It is amazing how time seems to move faster then me, even when I'm running.
The past few weeks have been full of everything and nothing. Things at work are moving slowly but surely. The preschool now has a projected budget and a uniform design. The storage room is 3/4 finished with my organizational wrath. Matty can now spell his name with out any help. And today I became an accountant. Don't worry, it's mostly data entry stuff and how hard is it to balance an equation? Not hard. Plus I get to hand people their wages, which is always a good feeling. I finally got out of my is-the-work-I'm-doing-really-making-a-difference slump when I read the chapter in The Prophet on work. In summary it said this- Work is the manifestation of love. Every work you do, do it as though you were working for your beloved. If you cannot work with love, it's better to become a beggar and collect your wages from those who can.
In other news, I am finally feeling like I have a community, humble as it is. The boda drivers who we now call mukwano guange (my friends). The staff and parents at the international school who finally remember my name. The church we go to, where we don't know most people's names, but where we want to. Coworkers who are more like compadres, and friends that we can just chill with and not feel awkward. It's far from my vast network of loved ones at home, but I think it will work at sustaining life.
And I have to confess... today I played pretend.
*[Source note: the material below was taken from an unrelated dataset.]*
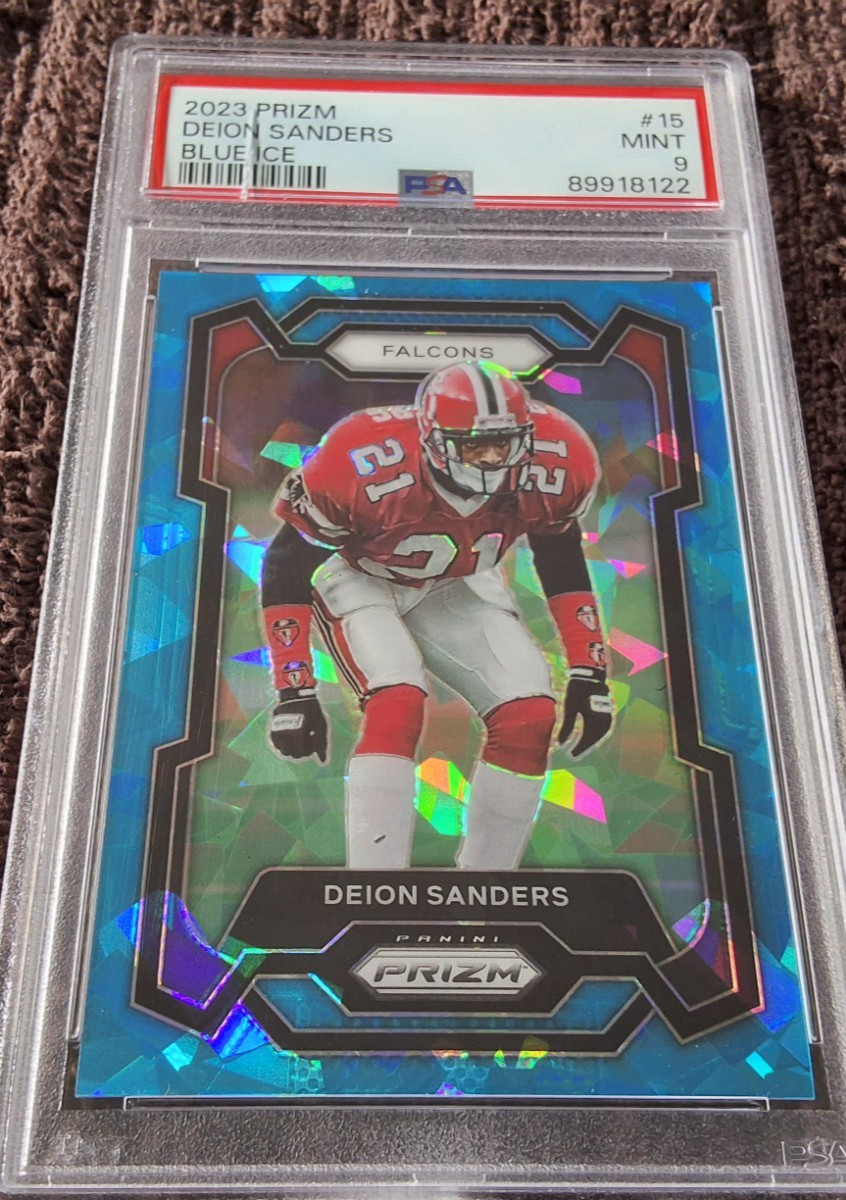 2023 prizm deion Sanders blue ice /99 PSA 9 RARE view 1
Holding my cup of coffee up to my face I closed my eyes and traveled all the way across the ocean and land masses to Court St. in Salem. I was at starbucks. I could smell the pumpkin spice lattes and overprices pastries. I could see the newspapers and laptops busily being poured over by rushing business men and overheard the prayers and gossip coming from a few pastors, as well as a teenage girl talking a bit too loudly on her cell. I saw the rain outside and the people bundled in Northface and Ugs to keep out the mucky damp leaves and prickly November cold. I thought about leaving, going to my car and driving down the road to my home, or just up I-5 to portland to meet some friends on 23rd or at Whole Foods. As safe and comfortable and wonderful as it was to be home, in that familiar moment I missed Uganda. I missed the unpredictability, the black skin, the sunshine, and the near death experiences on every boda ride to work. I missed knowing my need. I missed my friends, my work, and being literally dirty every day. And so I decided to come back. It was a quick journey because of course I only had to open my eyes.
The educational lesson here: Playing pretend is not only a vital part of child development.
And so now, back home in Uganda I am writing to send you my love and let you know all is well.